● **Assignment**: The lines to extract begin at the line that contains "STORETS Sustainable Recycled" and run through the last line of the listing; reproduce them exactly, minus any pictures.

● **Record extracts**:

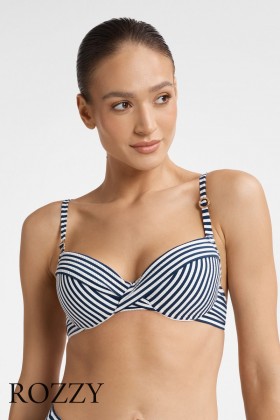 Бюстгальтер купальный Esotiq Cari 40766 сине-белый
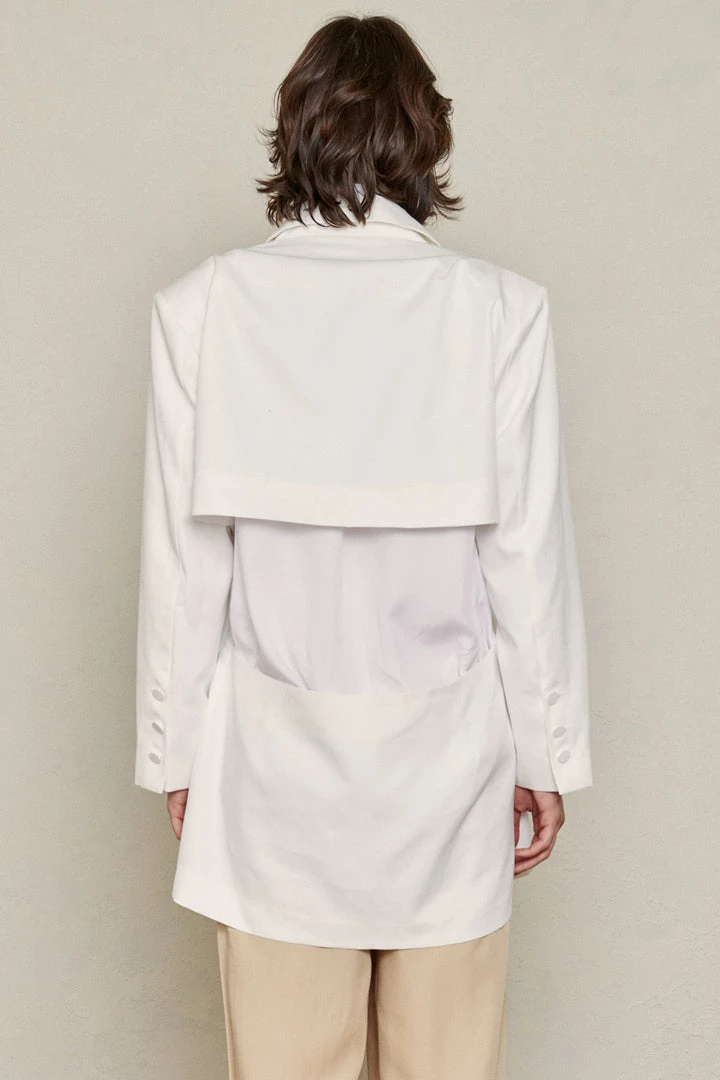 STORETS Sustainable Recycled Poly Cut-Out Blazer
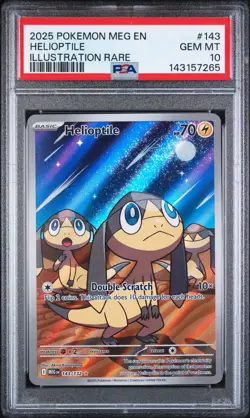 2025 POKEMON MEG EN-MEGA EVOLUTION ILLUSTRATION RARE #143 HELIOPTILE PSA 10 - Image 1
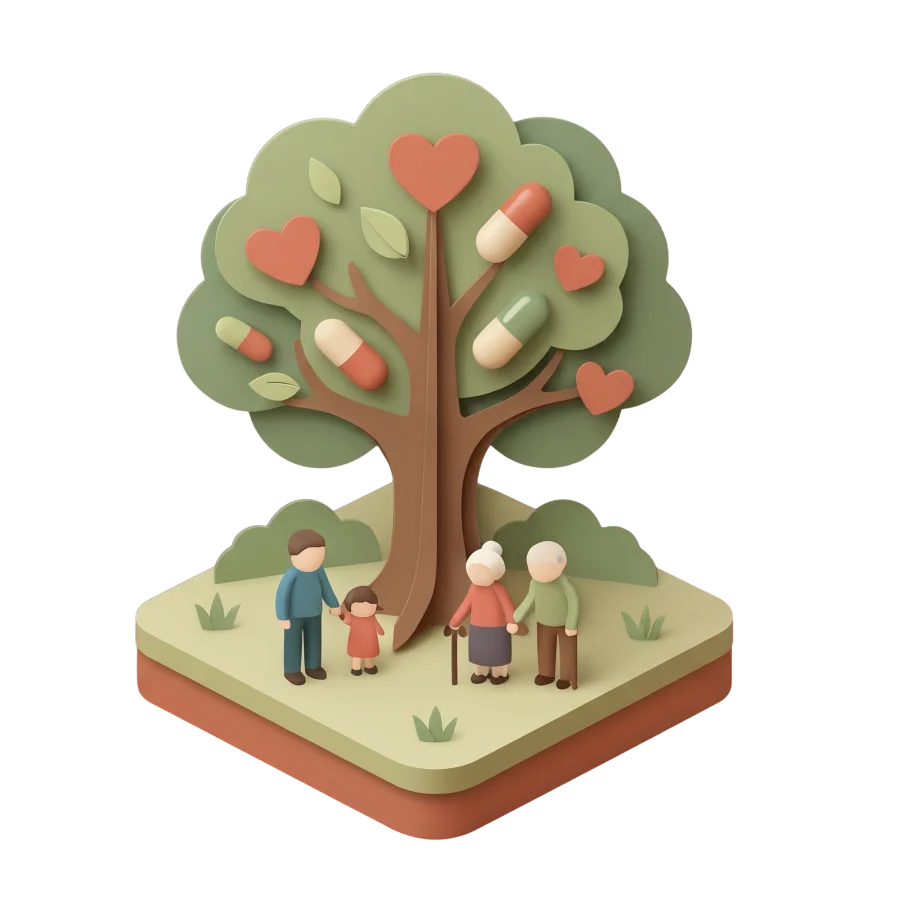 Kapsül logosu: aile ağacı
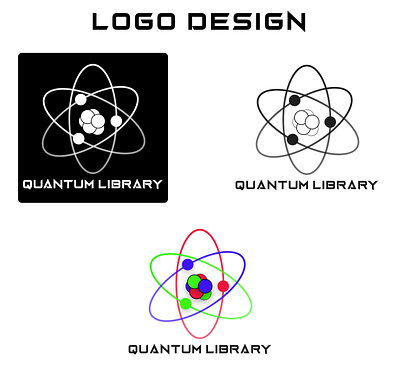 Quantum Library Logo Design 2d 2dillustration branding figma figmadesign illustration logo logodesign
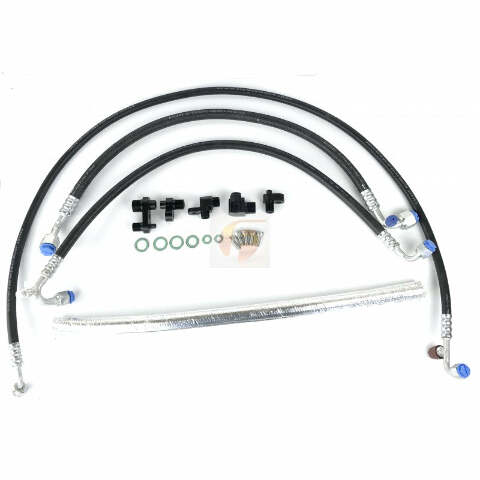 Fleece Performance A/C Line Reroute Kit2 013-2018 6.7L Cummins pn fpe-ac-kit-1316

● **Written reply**:
 STORETS Sustainable Recycled Poly Cut-Out Blazer
 2025 POKEMON MEG EN-MEGA EVOLUTION ILLUSTRATION RARE #143 HELIOPTILE PSA 10 - Image 1
 Kapsül logosu: aile ağacı
 Quantum Library Logo Design 2d 2dillustration branding figma figmadesign illustration logo logodesign
 Fleece Performance A/C Line Reroute Kit2 013-2018 6.7L Cummins pn fpe-ac-kit-1316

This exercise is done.